TASK OBJECTIVE
Write out all of the listing exactly. Add nothing to it.

(DATA begins)

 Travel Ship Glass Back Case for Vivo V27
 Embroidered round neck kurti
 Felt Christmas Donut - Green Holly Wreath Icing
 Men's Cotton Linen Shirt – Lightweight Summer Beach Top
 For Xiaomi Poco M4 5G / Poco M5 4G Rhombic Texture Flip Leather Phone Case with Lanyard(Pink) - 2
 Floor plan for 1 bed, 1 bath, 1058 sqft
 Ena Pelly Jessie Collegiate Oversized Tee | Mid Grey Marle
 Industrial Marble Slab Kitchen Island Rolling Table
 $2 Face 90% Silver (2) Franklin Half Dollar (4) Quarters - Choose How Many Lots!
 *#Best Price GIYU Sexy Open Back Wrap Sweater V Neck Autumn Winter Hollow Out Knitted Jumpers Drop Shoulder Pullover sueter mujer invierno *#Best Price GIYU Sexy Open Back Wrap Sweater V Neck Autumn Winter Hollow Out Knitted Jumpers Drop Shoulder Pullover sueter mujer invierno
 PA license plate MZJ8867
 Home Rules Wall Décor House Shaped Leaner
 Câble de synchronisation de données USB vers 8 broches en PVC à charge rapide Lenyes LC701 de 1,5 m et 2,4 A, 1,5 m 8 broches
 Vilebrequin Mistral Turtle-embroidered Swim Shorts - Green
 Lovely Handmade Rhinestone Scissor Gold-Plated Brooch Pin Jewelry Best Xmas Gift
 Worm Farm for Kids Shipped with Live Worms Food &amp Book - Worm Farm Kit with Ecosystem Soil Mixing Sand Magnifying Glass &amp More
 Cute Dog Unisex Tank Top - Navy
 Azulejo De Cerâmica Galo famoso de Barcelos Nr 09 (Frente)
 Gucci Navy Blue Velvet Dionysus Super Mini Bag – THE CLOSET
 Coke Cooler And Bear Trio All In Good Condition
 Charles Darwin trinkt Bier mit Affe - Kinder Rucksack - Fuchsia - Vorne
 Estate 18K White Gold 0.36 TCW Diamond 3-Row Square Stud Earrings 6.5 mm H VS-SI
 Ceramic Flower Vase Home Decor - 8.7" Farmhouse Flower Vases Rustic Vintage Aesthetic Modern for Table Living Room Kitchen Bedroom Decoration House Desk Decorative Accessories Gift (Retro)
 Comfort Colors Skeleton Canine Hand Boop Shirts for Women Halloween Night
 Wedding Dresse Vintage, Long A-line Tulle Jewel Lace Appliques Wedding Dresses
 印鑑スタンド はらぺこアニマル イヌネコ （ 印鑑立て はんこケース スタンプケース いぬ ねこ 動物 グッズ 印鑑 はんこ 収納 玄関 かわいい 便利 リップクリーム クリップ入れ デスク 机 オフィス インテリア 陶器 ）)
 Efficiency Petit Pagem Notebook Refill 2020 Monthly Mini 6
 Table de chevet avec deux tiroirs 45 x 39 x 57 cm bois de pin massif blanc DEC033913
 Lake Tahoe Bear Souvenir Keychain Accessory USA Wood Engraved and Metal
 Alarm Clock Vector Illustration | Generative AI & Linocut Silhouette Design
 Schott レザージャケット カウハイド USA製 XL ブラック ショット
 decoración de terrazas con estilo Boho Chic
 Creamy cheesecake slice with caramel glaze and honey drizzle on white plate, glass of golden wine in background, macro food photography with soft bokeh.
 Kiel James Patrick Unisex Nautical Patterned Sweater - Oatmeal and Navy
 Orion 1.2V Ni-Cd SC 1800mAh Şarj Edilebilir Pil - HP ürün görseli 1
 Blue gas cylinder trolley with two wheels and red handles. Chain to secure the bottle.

(DATA ends)

REPLY
 Travel Ship Glass Back Case for Vivo V27
 Embroidered round neck kurti
 Felt Christmas Donut - Green Holly Wreath Icing
 Men's Cotton Linen Shirt – Lightweight Summer Beach Top
 For Xiaomi Poco M4 5G / Poco M5 4G Rhombic Texture Flip Leather Phone Case with Lanyard(Pink) - 2
 Floor plan for 1 bed, 1 bath, 1058 sqft
 Ena Pelly Jessie Collegiate Oversized Tee | Mid Grey Marle
 Industrial Marble Slab Kitchen Island Rolling Table
 $2 Face 90% Silver (2) Franklin Half Dollar (4) Quarters - Choose How Many Lots!
 *#Best Price GIYU Sexy Open Back Wrap Sweater V Neck Autumn Winter Hollow Out Knitted Jumpers Drop Shoulder Pullover sueter mujer invierno *#Best Price GIYU Sexy Open Back Wrap Sweater V Neck Autumn Winter Hollow Out Knitted Jumpers Drop Shoulder Pullover sueter mujer invierno
 PA license plate MZJ8867
 Home Rules Wall Décor House Shaped Leaner
 Câble de synchronisation de données USB vers 8 broches en PVC à charge rapide Lenyes LC701 de 1,5 m et 2,4 A, 1,5 m 8 broches
 Vilebrequin Mistral Turtle-embroidered Swim Shorts - Green
 Lovely Handmade Rhinestone Scissor Gold-Plated Brooch Pin Jewelry Best Xmas Gift
 Worm Farm for Kids Shipped with Live Worms Food &amp Book - Worm Farm Kit with Ecosystem Soil Mixing Sand Magnifying Glass &amp More
 Cute Dog Unisex Tank Top - Navy
 Azulejo De Cerâmica Galo famoso de Barcelos Nr 09 (Frente)
 Gucci Navy Blue Velvet Dionysus Super Mini Bag – THE CLOSET
 Coke Cooler And Bear Trio All In Good Condition
 Charles Darwin trinkt Bier mit Affe - Kinder Rucksack - Fuchsia - Vorne
 Estate 18K White Gold 0.36 TCW Diamond 3-Row Square Stud Earrings 6.5 mm H VS-SI
 Ceramic Flower Vase Home Decor - 8.7" Farmhouse Flower Vases Rustic Vintage Aesthetic Modern for Table Living Room Kitchen Bedroom Decoration House Desk Decorative Accessories Gift (Retro)
 Comfort Colors Skeleton Canine Hand Boop Shirts for Women Halloween Night
 Wedding Dresse Vintage, Long A-line Tulle Jewel Lace Appliques Wedding Dresses
 印鑑スタンド はらぺこアニマル イヌネコ （ 印鑑立て はんこケース スタンプケース いぬ ねこ 動物 グッズ 印鑑 はんこ 収納 玄関 かわいい 便利 リップクリーム クリップ入れ デスク 机 オフィス インテリア 陶器 ）)
 Efficiency Petit Pagem Notebook Refill 2020 Monthly Mini 6
 Table de chevet avec deux tiroirs 45 x 39 x 57 cm bois de pin massif blanc DEC033913
 Lake Tahoe Bear Souvenir Keychain Accessory USA Wood Engraved and Metal
 Alarm Clock Vector Illustration | Generative AI & Linocut Silhouette Design
 Schott レザージャケット カウハイド USA製 XL ブラック ショット
 decoración de terrazas con estilo Boho Chic
 Creamy cheesecake slice with caramel glaze and honey drizzle on white plate, glass of golden wine in background, macro food photography with soft bokeh.
 Kiel James Patrick Unisex Nautical Patterned Sweater - Oatmeal and Navy
 Orion 1.2V Ni-Cd SC 1800mAh Şarj Edilebilir Pil - HP ürün görseli 1
 Blue gas cylinder trolley with two wheels and red handles. Chain to secure the bottle.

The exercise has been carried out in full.